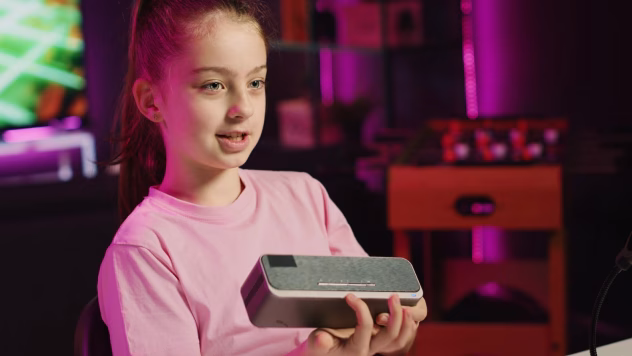 Kõlar ühendatud seadmetega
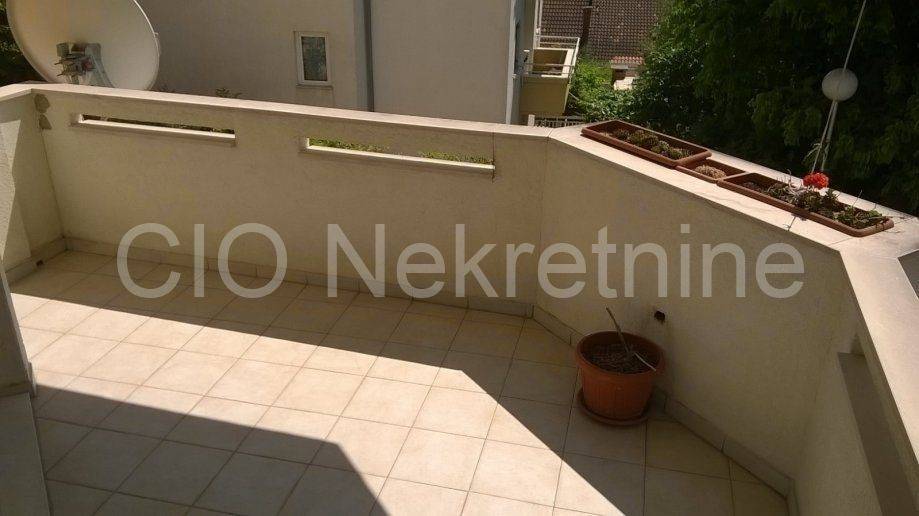 Flat in building, Rent, Split, Split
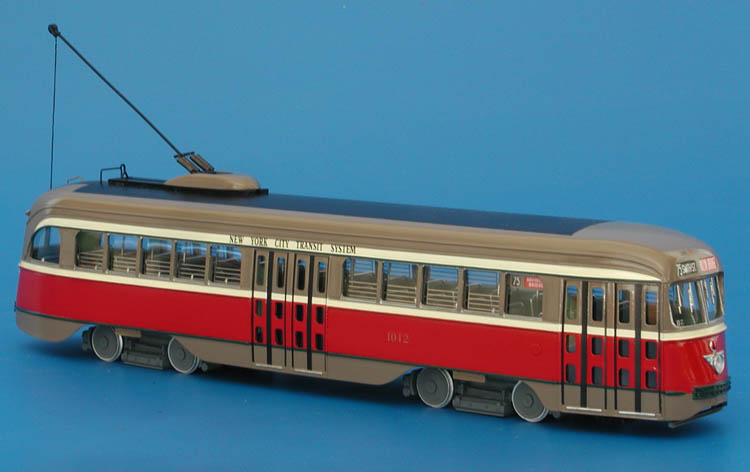 1936/37 New York City Transit System St.Louis Car Co. PCC #1012 - experimental 1946 livery.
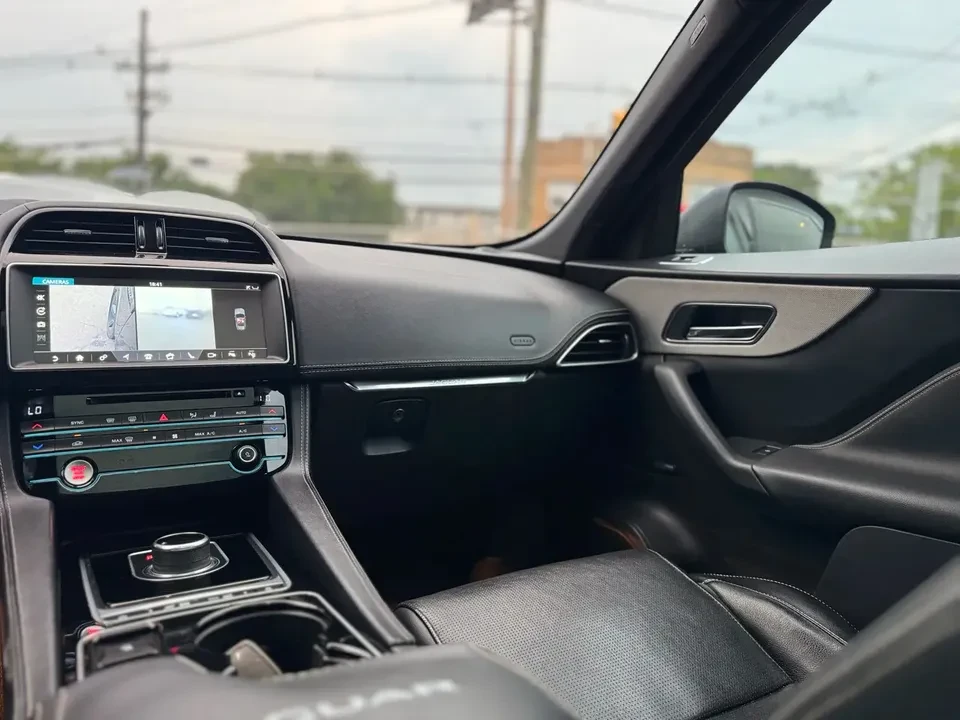2017 Jaguar F-Pace - Image 18 of 20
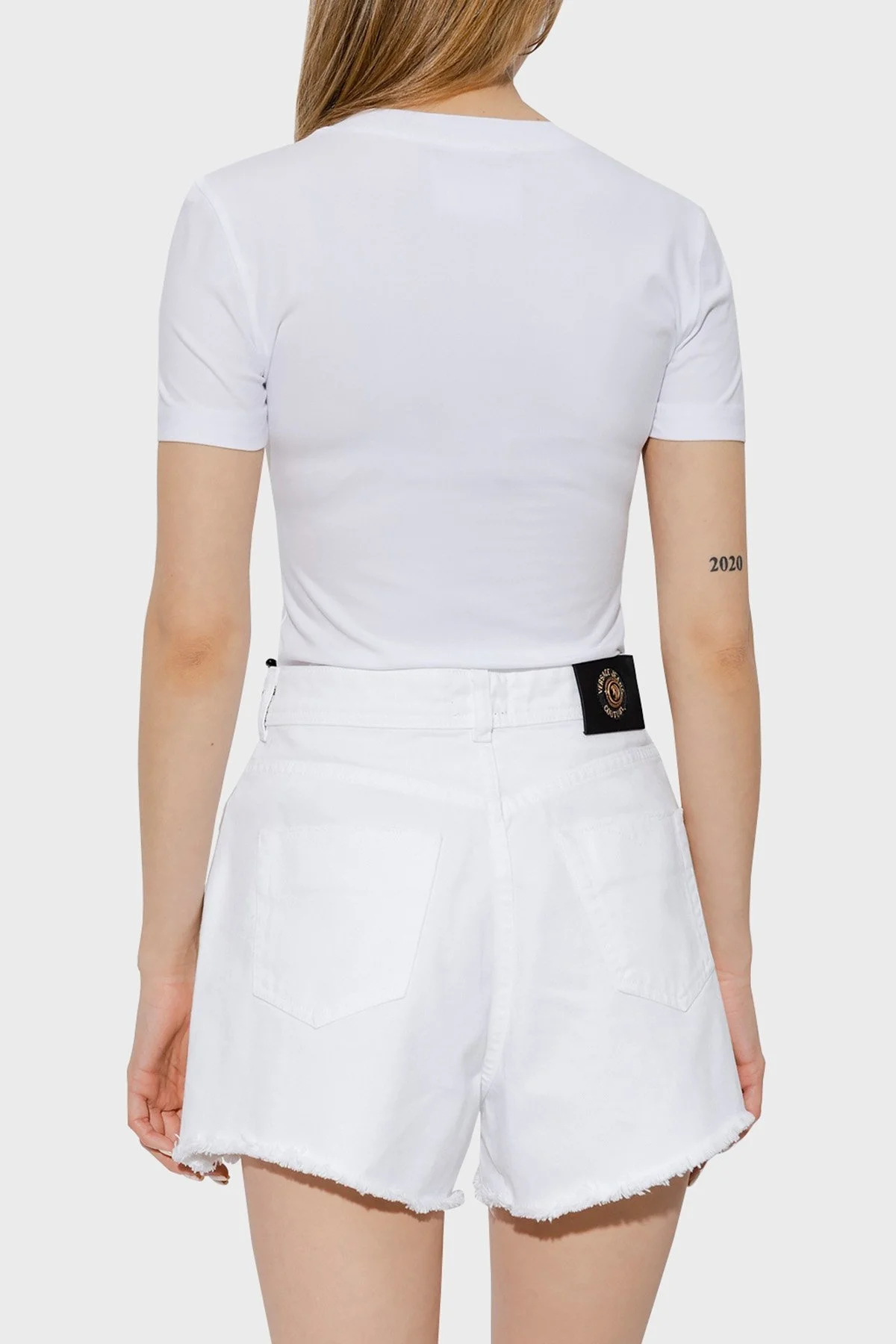 Versace Jeans Couture Pamuklu Logolu Bisiklet Yaka Slim Fit Bayan T Shirt 74HAHT06 CJ03T G03 BEYAZ - 2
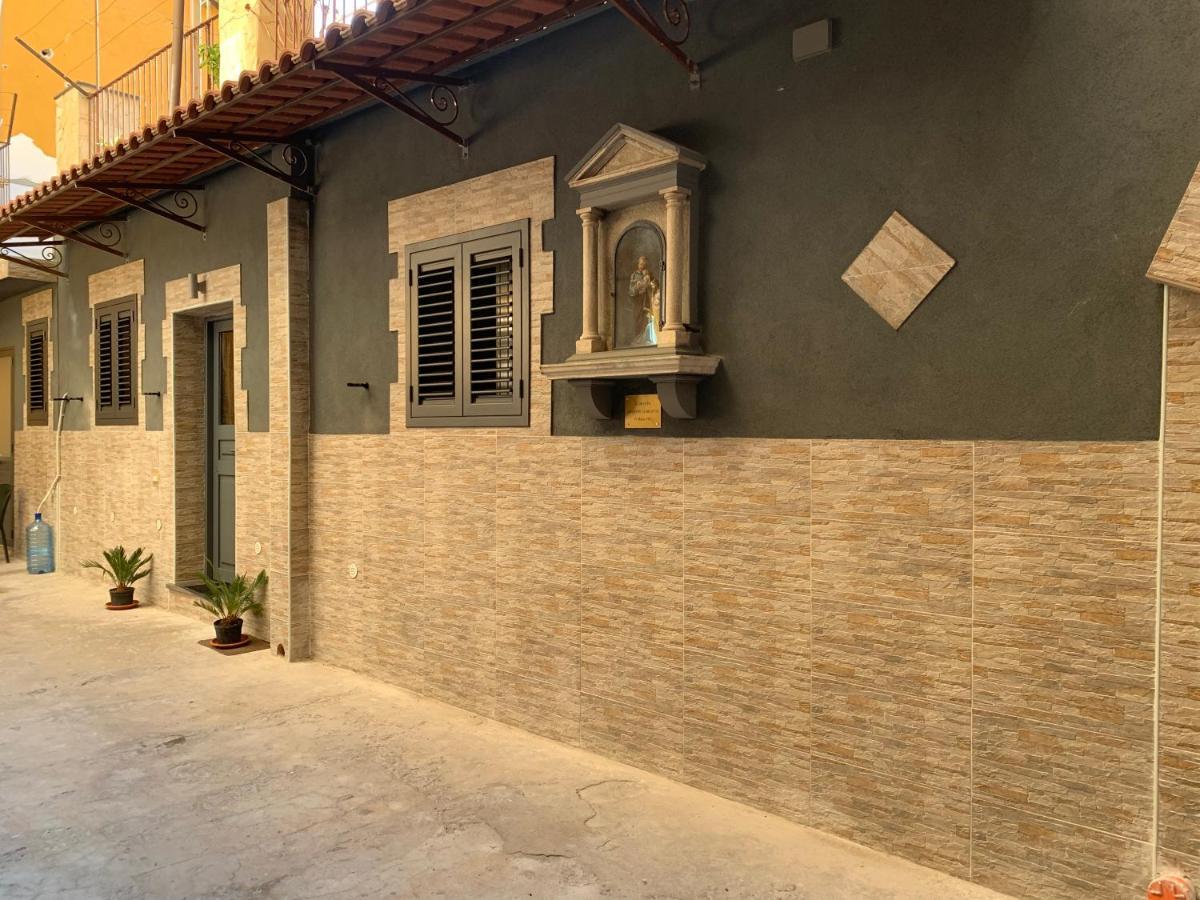 Casa Vacanza Kristal Catania Exterior photo
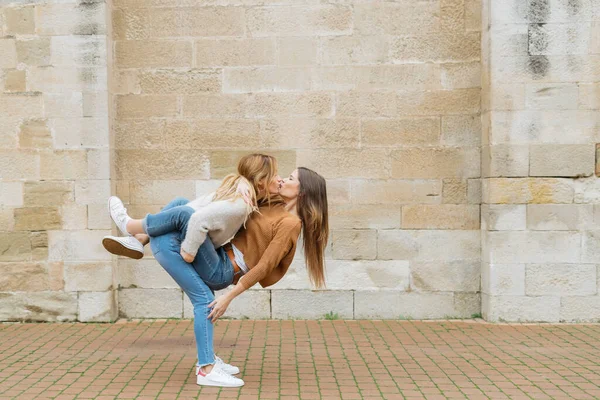 Egy Pár Ölelkezik Utcán Csókolózva — Stock Fotó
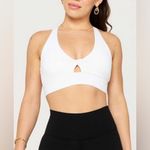 Fabletics OASIS TWIST MEDIUM IMPACT SPORT BRA WHITE Photo 2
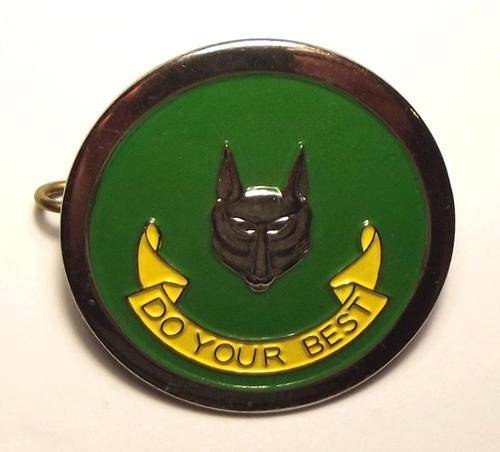 Old Boy Scouts "Do Your Best" Metal Wolf Cap Badge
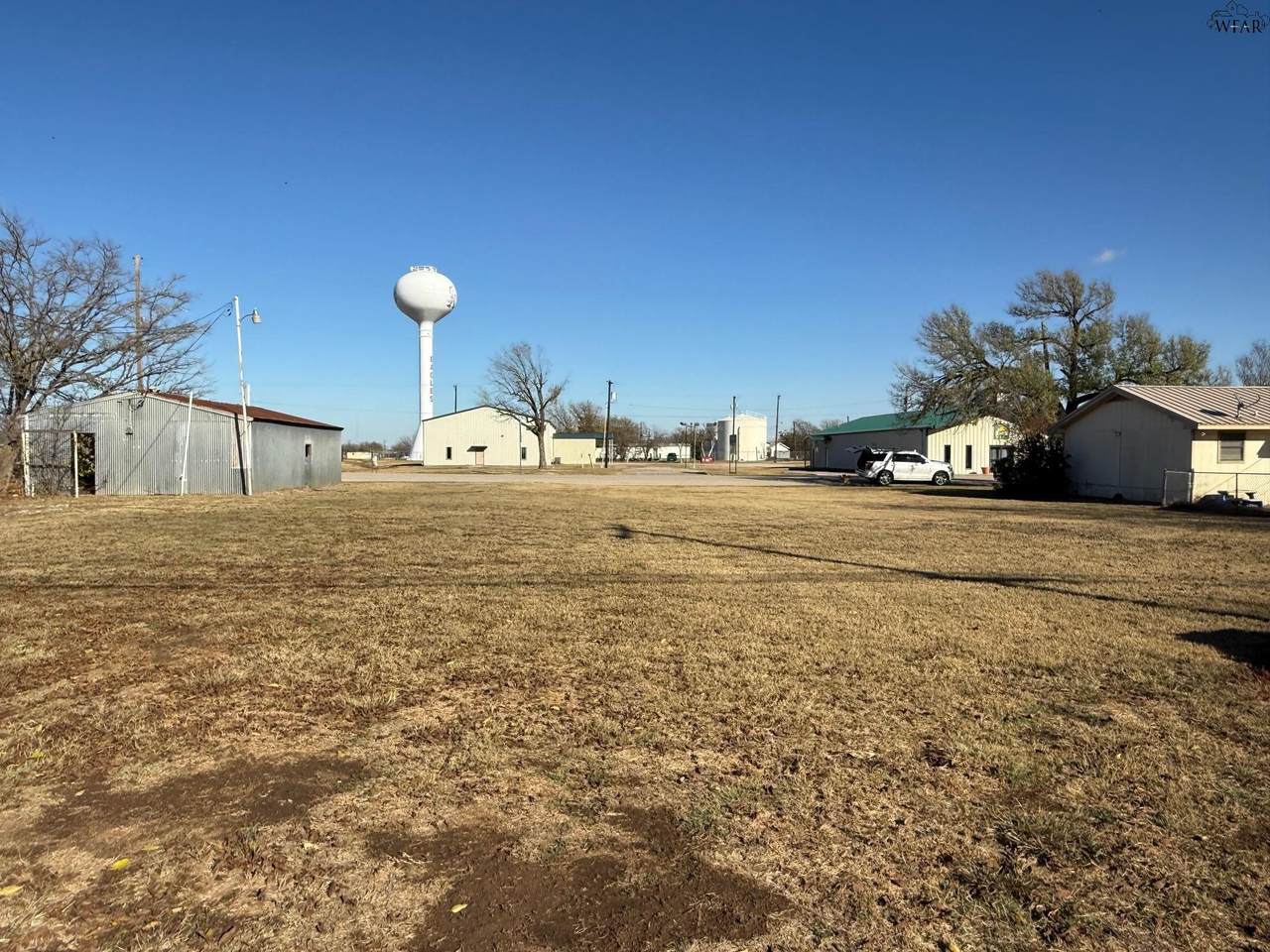 102 Main Street - Photo 1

________

## HOW TO COMPLETE THIS TASK
Give exactly the lines above that run from the line with "Flat in building, Rent, Split, Split" to the line with "Casa Vacanza Kristal Catania Exterior photo", both included, leaving every picture out.

## EXERCISE RESULT
 Flat in building, Rent, Split, Split
 1936/37 New York City Transit System St.Louis Car Co. PCC #1012 - experimental 1946 livery.
2017 Jaguar F-Pace - Image 18 of 20
 Versace Jeans Couture Pamuklu Logolu Bisiklet Yaka Slim Fit Bayan T Shirt 74HAHT06 CJ03T G03 BEYAZ - 2
 Casa Vacanza Kristal Catania Exterior photo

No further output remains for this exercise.